Мы стоим у длинного стола и протираем лодочные движки, каждый свой. Когда, после четверти века занятий каким-то делом ты, наконец, понимаешь всю бесполезность затеи, то ищешь себя на ином поприще[52 - место для состязаний], и ошибаешься, ошибаешься, ошибаешься. Делаешь это с упоением, часто мажешь, попадая в «молоко»[53 - термин, обозначающий промах при стрельбе]. Нет, ну, конечно, только не в стрельбе, это дело хорошее. Мне всегда нравилось изумлять окружающих умением попадать точно в цель, попадая в одну точку несколько раз кряду. Но это, как говорят, «дурацкое дело – нехитрое», нужны лишь верный глаз и крепкая рука. А когда видишь намного больше, чем нужно, и пальцы умеют сгибать мелкие монетки…
Милый не только на вид визави, встряхивает кудрями и качает головой:
– Нет, ну никак не могу привыкнуть к тому, что девушка отличает шуруп от болта, умеет работать на точильном камне…
– Я тебе больше скажу, – если хочешь меня порадовать, не дари цветов, а вот от победитового свёрлышка не откажусь.
– От… свёрлышка, победитового?!
– Угу! Ещё можно полотно по металлу для ножовки, такое, знаешь, с жёлтой полосочкой, оно попрочнее. Ну, или склянку свежего восемьдесят восьмого клея. А уж если тебе удастся добыть четвёртого…
– Зачем?
– Ну, как же, клеит резину к резине. Хорошо держит.

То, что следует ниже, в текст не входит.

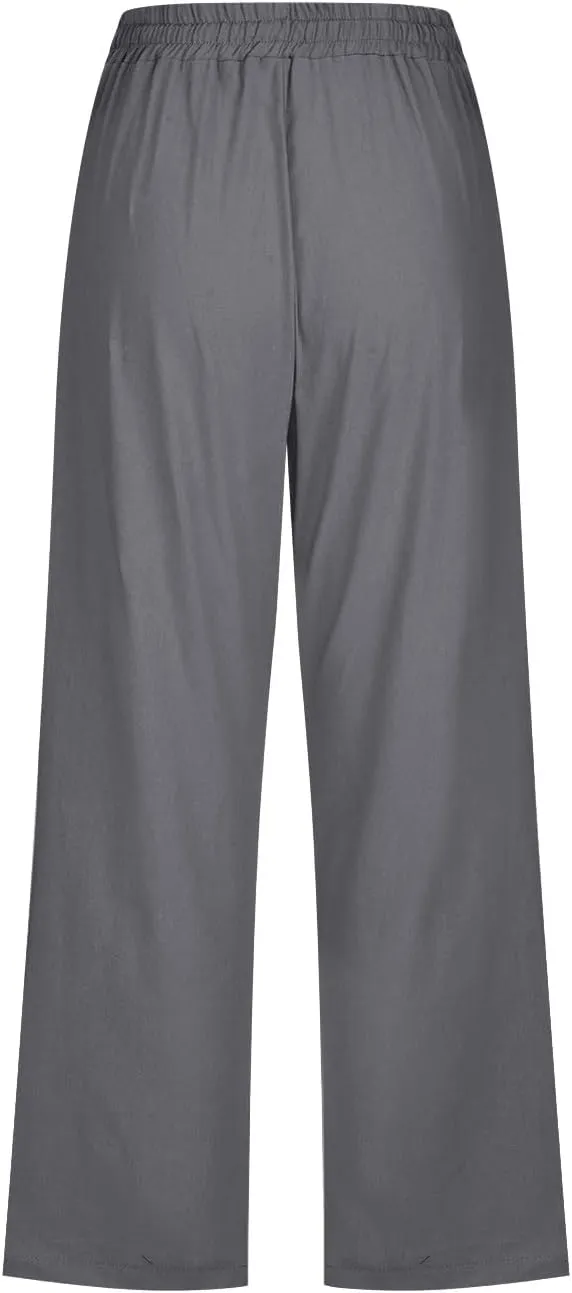 Capri Pants for Women Casual 2025 Summer Drawstring Elastic High Waist Linen Pant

– Ты – удивительная девушка. Я таких ещё не встречал.
– Ну, ды-к, – пыхчу я, и с удовольствием принимаюсь вкручивать на место свечи зажигания. Пора на старт.
Переступая с причала в маленькую уютную лодочку, чтобы пройти дистанцию, замечаю, что вокруг опять собирается народ, поглазеть. И что им надо, не возьму в толк. Ну, чувствую я воду, за столько-то лет, как её не познать, только набирать скорость, используя двигатель внутреннего сгорания, это не то, что, надрывая сердце, рвать собственные связки. Мне нравится, переместив центр тяжести на корму, глиссировать, касаясь воды чуть ли не одним лишь двигателем, совершать виражи впритирку к бетонным опорам моста и набережной. Зрители ахают, когда я несусь прямо на них с каменным равнодушным лицом, и разворачиваюсь в последний момент. Да, это весело, но… всё не то, не то, не то. Фальшивка. Когда не добился ничего, тогда и там, где того желал так сильно, над чем трудился, кроша ещё живые коронки зубов, не жалея ни живота своего, не прочих жизненно важных органов. В общем, коли не добился того, чего не просто небрежно и опрометчиво захотелось, но для достижения которого перепахал тысячи гектаров водной глади, отлично понимаешь цену любого эрзац[54 - суррогат, подделка]…
Нет, конечно, само по себе оно неплохо всё, но для кого-то другого. И если с самого начала, если только что-то одно… Да как угадаешь, где то, твоё, для тебя. А если ничего такого, лично тебе, не отведено? Обидно ж? Столько лет… столько лет впустую, в пропасть «чтобы что» и «непонятно зачем».